To make up for its dwindling nuclear supply, Japan is on a frenzied but costly hunt for fossil fuels.
As part of that hunt, tankers from as many as 12 countries are pulling up weekly to Japanese port cities, hauling liquefied natural gas super-cooled to 260 degrees below zero. Officials from Tokyo are making trips to the Middle East, requesting increased shipments of oil. In the Timor Sea, off the coast of Australia, a Japanese firm has invested in a subsea natural gas pipeline that will eventually speed deliveries northward.
So far, Japan’s drastic increase in fossil fuel imports, namely oil and liquefied natural gas (LNG), has kept the country from the short-term crisis of power outages and darkened cities, even as more of its nuclear plants come offline.
But the import surge also comes with a dire side effect, analysts say, that strikes at the heart of the world’s third-largest economy. By relying on pricey, imported alternatives to nuclear energy, Japan this year is facing an ominous cycle in which energy costs rise and business conditions erode.

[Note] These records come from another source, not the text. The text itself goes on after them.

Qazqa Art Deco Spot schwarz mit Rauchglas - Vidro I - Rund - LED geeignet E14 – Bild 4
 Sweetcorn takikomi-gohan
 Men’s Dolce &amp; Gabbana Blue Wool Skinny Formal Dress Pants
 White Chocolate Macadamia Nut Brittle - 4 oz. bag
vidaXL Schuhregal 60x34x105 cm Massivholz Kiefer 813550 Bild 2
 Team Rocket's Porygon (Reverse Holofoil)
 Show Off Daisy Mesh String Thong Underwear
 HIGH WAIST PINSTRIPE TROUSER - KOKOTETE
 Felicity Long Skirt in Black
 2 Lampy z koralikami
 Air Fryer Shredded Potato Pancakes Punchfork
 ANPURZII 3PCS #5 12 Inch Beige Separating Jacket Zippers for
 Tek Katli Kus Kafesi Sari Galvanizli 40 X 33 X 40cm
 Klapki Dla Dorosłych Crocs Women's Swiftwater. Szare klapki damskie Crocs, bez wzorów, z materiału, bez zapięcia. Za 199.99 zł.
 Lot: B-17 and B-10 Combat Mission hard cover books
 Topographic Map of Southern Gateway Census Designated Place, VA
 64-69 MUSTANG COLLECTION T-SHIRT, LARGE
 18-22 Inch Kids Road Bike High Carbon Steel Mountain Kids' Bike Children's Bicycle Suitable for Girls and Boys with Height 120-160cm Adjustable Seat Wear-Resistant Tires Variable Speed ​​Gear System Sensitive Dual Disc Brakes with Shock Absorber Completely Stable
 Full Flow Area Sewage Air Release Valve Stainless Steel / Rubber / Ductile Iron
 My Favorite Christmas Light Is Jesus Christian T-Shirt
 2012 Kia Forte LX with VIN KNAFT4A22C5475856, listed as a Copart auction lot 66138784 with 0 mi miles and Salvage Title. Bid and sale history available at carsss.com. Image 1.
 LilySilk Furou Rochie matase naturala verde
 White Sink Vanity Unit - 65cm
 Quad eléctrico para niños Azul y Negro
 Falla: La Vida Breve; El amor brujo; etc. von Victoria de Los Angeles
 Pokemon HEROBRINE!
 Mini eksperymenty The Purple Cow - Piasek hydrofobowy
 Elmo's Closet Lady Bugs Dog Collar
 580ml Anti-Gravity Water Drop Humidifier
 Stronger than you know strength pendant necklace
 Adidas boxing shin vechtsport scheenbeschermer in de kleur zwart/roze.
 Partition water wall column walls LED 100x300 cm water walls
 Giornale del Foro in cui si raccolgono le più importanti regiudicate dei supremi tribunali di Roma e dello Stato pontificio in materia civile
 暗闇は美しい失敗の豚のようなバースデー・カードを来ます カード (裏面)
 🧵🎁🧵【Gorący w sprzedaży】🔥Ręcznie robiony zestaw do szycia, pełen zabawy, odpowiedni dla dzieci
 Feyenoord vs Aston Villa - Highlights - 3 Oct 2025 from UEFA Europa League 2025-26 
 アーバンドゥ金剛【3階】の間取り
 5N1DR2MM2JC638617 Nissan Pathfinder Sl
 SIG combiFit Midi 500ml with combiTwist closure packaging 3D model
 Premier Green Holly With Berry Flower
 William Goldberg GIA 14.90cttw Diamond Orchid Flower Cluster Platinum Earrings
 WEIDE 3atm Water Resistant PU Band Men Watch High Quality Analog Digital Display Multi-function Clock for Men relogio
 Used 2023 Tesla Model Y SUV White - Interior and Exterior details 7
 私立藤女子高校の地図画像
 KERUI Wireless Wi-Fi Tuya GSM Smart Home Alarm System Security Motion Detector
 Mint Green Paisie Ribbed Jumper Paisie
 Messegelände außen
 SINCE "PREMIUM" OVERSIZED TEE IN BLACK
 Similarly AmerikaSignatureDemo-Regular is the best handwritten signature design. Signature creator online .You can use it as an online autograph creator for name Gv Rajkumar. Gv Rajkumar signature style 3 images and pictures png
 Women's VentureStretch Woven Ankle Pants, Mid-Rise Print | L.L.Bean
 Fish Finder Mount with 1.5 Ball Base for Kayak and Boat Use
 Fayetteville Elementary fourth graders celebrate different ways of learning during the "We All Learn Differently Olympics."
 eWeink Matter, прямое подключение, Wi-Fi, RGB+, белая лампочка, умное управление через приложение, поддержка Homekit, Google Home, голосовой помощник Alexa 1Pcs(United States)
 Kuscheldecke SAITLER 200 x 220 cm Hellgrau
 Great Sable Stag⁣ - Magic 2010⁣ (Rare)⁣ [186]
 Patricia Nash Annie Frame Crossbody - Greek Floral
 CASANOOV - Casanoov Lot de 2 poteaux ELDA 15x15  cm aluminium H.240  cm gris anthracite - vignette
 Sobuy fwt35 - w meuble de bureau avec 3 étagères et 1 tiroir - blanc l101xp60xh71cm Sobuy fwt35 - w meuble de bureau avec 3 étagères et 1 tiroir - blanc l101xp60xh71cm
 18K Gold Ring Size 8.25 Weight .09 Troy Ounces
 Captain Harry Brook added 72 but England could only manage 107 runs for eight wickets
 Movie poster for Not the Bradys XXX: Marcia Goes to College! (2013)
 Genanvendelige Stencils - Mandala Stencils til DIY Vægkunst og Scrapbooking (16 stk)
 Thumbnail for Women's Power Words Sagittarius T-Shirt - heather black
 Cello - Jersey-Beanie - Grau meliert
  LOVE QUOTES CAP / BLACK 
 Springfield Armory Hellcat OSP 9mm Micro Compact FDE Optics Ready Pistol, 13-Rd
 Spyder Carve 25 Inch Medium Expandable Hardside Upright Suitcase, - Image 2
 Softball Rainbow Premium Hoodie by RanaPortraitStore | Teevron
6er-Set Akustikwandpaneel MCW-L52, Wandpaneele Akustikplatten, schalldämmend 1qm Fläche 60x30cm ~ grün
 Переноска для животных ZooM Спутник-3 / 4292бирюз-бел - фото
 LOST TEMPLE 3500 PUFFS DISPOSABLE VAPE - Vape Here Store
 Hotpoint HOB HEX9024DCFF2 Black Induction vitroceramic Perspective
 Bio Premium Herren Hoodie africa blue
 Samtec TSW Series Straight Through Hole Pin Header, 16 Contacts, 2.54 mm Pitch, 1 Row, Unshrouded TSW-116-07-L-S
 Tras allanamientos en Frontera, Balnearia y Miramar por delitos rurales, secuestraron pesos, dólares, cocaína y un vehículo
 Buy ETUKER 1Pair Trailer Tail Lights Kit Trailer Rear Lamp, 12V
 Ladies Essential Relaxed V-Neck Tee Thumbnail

Even if thermal plants operate at full capacity this summer, the country will still be short on electrical power in peak months, hampering industrial production. That means industrial exports could shrink at the same time energy imports are on the rise, shriveling growth rates and leaving the country more vulnerable to global price shocks.
There is a solution to all this — restarting the nuke plants — but given Japan’s mounting objection to atomic energy, it draws only a dark laugh. Even before last year’s nuclear crisis, a triple meltdown triggered by an earthquake and tsunami, Tokyo ranked as the world’s largest importer of LNG and third-largest importer of crude oil. But nuclear reactors powered one-third of the country’s needs, and the country planned for that share to increase to 50%.